■ **COLLECTED MATERIAL**
- - - - -
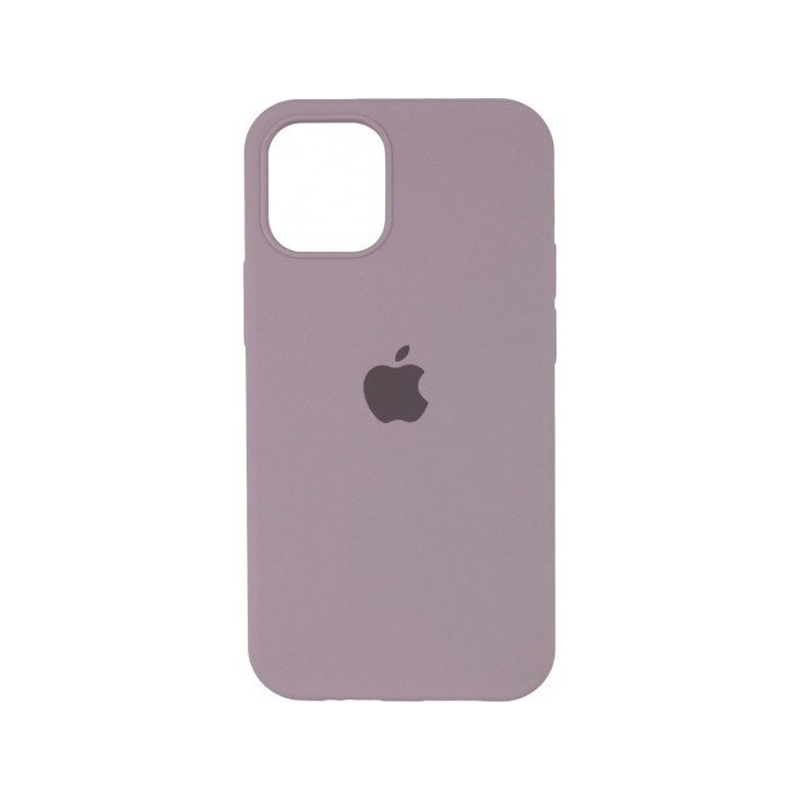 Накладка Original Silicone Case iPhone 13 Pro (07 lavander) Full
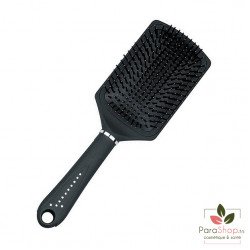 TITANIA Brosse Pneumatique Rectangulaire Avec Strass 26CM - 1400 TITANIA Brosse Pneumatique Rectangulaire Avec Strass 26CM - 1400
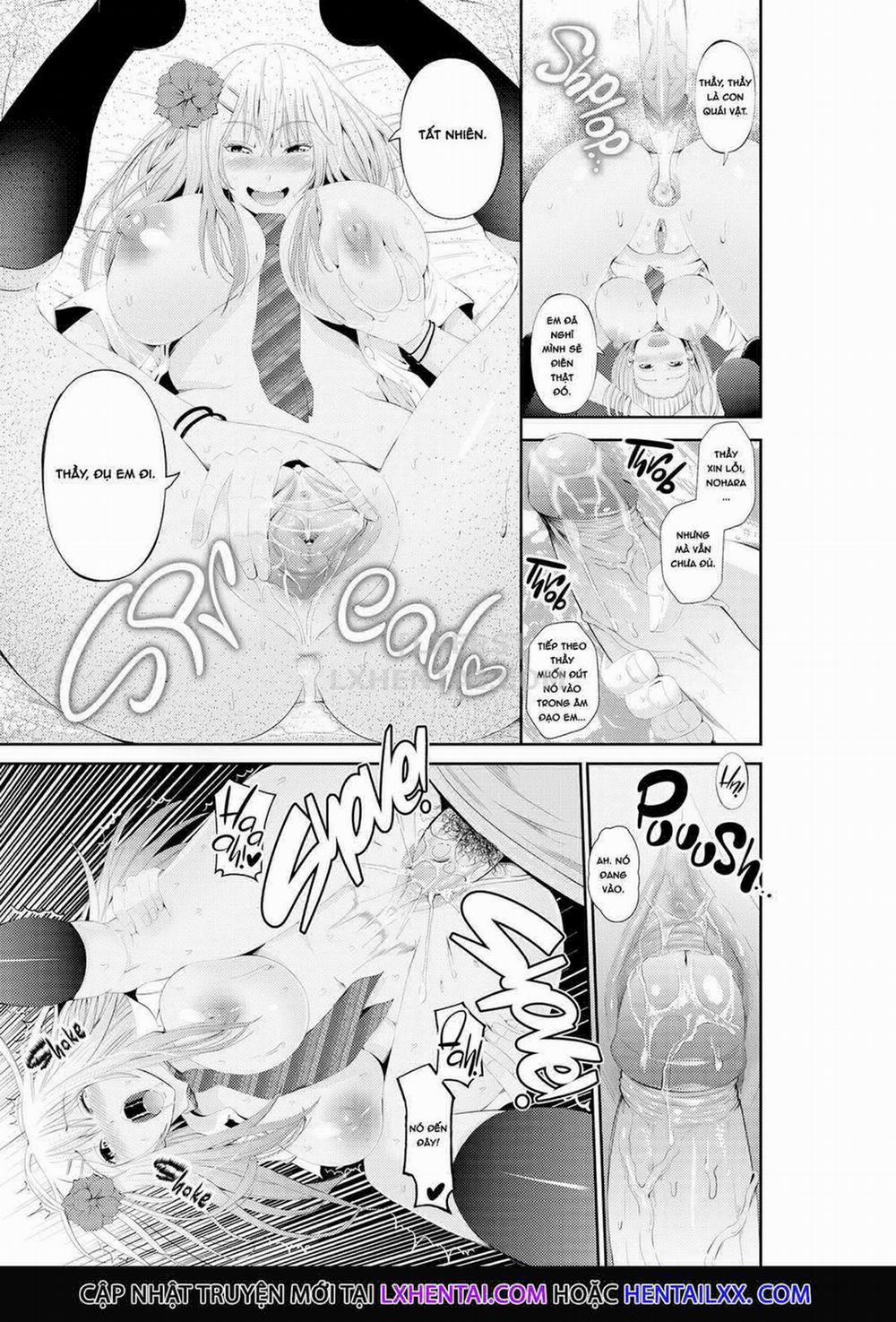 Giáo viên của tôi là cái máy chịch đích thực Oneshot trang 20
- - - - -
■ **REQUIRED WORK**
Transcribe the listing word for word, but keep its pictures out of the copy.

■ **RESULT**
 Накладка Original Silicone Case iPhone 13 Pro (07 lavander) Full
 TITANIA Brosse Pneumatique Rectangulaire Avec Strass 26CM - 1400 TITANIA Brosse Pneumatique Rectangulaire Avec Strass 26CM - 1400
 Giáo viên của tôi là cái máy chịch đích thực Oneshot trang 20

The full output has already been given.